• [Assignment] Word for word, copy the line containing "TORONTO, CANADA - JUNE" and each line after it in the records below, ending with the last line.
(Data extracts Opens)
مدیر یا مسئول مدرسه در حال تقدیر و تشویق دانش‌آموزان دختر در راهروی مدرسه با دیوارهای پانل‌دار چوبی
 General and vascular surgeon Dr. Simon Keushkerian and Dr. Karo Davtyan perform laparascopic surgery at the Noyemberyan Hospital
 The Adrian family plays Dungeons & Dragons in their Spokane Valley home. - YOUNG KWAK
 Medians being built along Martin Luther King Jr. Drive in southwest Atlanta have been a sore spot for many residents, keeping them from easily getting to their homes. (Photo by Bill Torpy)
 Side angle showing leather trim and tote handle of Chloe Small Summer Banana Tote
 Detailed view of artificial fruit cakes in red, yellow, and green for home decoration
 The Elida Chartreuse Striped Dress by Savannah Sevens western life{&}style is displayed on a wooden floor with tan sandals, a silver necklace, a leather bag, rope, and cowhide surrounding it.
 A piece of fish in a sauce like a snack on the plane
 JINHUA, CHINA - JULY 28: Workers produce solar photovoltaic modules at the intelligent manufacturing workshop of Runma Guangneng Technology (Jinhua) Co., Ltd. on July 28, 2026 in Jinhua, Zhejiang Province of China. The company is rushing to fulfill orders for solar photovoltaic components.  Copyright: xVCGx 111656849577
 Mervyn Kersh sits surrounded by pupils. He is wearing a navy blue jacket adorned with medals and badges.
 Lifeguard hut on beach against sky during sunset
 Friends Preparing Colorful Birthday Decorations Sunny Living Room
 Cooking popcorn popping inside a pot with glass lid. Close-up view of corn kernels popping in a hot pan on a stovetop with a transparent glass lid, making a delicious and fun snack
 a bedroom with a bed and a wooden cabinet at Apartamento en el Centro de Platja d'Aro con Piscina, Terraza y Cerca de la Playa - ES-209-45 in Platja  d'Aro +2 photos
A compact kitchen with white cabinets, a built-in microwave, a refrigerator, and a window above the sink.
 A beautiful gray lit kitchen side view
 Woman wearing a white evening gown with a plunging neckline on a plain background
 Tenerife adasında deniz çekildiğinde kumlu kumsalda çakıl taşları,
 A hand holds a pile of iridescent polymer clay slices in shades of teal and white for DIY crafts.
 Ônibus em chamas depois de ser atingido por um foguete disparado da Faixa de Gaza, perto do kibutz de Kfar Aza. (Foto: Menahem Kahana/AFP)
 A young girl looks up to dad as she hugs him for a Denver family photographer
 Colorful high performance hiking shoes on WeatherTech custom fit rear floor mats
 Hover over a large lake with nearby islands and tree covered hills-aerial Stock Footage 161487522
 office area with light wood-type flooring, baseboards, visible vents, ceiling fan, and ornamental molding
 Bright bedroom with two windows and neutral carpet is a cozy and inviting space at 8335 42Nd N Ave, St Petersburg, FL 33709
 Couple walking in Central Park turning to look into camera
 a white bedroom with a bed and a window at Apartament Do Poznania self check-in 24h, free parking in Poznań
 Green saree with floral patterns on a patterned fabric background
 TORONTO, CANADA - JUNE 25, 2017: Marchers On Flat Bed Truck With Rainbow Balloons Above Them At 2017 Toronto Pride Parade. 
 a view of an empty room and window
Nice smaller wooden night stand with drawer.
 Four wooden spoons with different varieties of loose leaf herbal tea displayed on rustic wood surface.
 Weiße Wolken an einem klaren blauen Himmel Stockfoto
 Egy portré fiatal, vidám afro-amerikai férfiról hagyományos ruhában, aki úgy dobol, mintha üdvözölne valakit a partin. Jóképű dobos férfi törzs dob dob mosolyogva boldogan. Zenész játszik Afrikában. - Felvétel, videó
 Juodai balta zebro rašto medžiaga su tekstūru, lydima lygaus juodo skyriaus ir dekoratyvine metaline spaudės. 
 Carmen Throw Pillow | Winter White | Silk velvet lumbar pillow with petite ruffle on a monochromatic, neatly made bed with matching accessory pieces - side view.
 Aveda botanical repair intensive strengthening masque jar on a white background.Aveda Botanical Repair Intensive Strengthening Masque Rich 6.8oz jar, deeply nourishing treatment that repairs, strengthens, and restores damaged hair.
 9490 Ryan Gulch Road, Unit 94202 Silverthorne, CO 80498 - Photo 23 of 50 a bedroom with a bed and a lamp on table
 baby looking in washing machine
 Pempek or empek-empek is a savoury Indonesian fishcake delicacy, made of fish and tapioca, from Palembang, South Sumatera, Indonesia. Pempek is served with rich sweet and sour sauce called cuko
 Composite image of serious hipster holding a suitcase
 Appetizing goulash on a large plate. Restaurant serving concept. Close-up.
(Data extracts Closes)
• [Written response]
 TORONTO, CANADA - JUNE 25, 2017: Marchers On Flat Bed Truck With Rainbow Balloons Above Them At 2017 Toronto Pride Parade. 
 a view of an empty room and window
Nice smaller wooden night stand with drawer.
 Four wooden spoons with different varieties of loose leaf herbal tea displayed on rustic wood surface.
 Weiße Wolken an einem klaren blauen Himmel Stockfoto
 Egy portré fiatal, vidám afro-amerikai férfiról hagyományos ruhában, aki úgy dobol, mintha üdvözölne valakit a partin. Jóképű dobos férfi törzs dob dob mosolyogva boldogan. Zenész játszik Afrikában. - Felvétel, videó
 Juodai balta zebro rašto medžiaga su tekstūru, lydima lygaus juodo skyriaus ir dekoratyvine metaline spaudės. 
 Carmen Throw Pillow | Winter White | Silk velvet lumbar pillow with petite ruffle on a monochromatic, neatly made bed with matching accessory pieces - side view.
 Aveda botanical repair intensive strengthening masque jar on a white background.Aveda Botanical Repair Intensive Strengthening Masque Rich 6.8oz jar, deeply nourishing treatment that repairs, strengthens, and restores damaged hair.
 9490 Ryan Gulch Road, Unit 94202 Silverthorne, CO 80498 - Photo 23 of 50 a bedroom with a bed and a lamp on table
 baby looking in washing machine
 Pempek or empek-empek is a savoury Indonesian fishcake delicacy, made of fish and tapioca, from Palembang, South Sumatera, Indonesia. Pempek is served with rich sweet and sour sauce called cuko
 Composite image of serious hipster holding a suitcase
 Appetizing goulash on a large plate. Restaurant serving concept. Close-up.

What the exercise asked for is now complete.